I simply love what you can do with a computer and a great deal of skill and additional technology. I think it is fantastic that we can travel to other worlds existing only in someone’s mind.
But this stunning World aside, what do we got?
A classic story.
This does not mean that it is bad. It strikes primal tones within us, and the theme is as important as ever. The story is not the problem.
What I think is really disappointing is the poor work done with the characters. A classic story does not mean that the characters must be cliché and stereotype.

All the characters were the same throughout the entire story, except for a small shift in the main character. They had a label each and it was either black or white.
The Na’vi people were good, the humans bad; the general obstinate to utter stupidity.
There were no realistic characters anywhere. They had a trait, one trait only, like Cinderella is always sweet and nice and her Stepmom evil and nasty at all times.
We never get to know what makes Jake turns from being a spy to love his new life; or rather why he was a spy in the first place, since it was so obvious that he liked being inside his Avatar.
Then he very cliché-like looses his honour and becomes shunned and despised, a situation where I think brilliant people talk and try to understand the whole picture, instead of acting on pure instinct. Very disrespectful towards the Na'vi characters.
Jake gains his respect back by simply riding a dragon-like creature, and yes, I say simply, because it looked very simple. And by doing this without effort the Na’vi people were treated as simple natives believing in divine omens and placed Jake as a human (at least in mind) above them. He doesn’t prove his worthy by other means than using an old legend, like a trick. If he at least had proven his worthy by being mentally strong, instead of just kind-hearted stubborn.
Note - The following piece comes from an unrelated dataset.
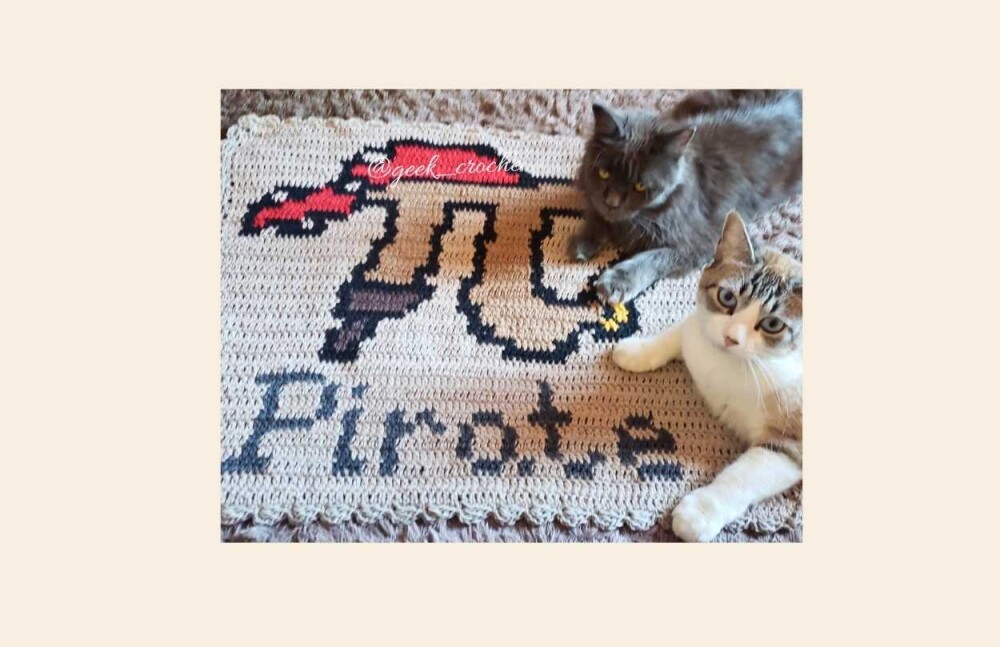 🐦🥧 Tapete πrate em Crochê Artesanal 🥧🐦 + Frete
The value of a life is not – as I recall it – an issue in this movie. It’s about human greed.
The Na’vi who care for all life-forms do not value a human life at all, something that they logically should, since they have predators surely taking some Na’vi lives are still treated with respect.
The issue what Na’vi lives are worth to humans, is hardly an issue either. They have no more value than animals to the humans, and that is that.
As I said it is about human greed.
And this greed has led to the killing of our own Eywa – “mother Earth” – an important message just flying by. What are humans if the soul of our world is dead? Do we have a soul any longer? Any afterlife?
What I want to say is that with a little more developed characters the story would have been so much more fascinating and not so simple-minded.
Wouldn’t it have been much more interesting if the general gained some insight and retreated? At least, I would have been surprised.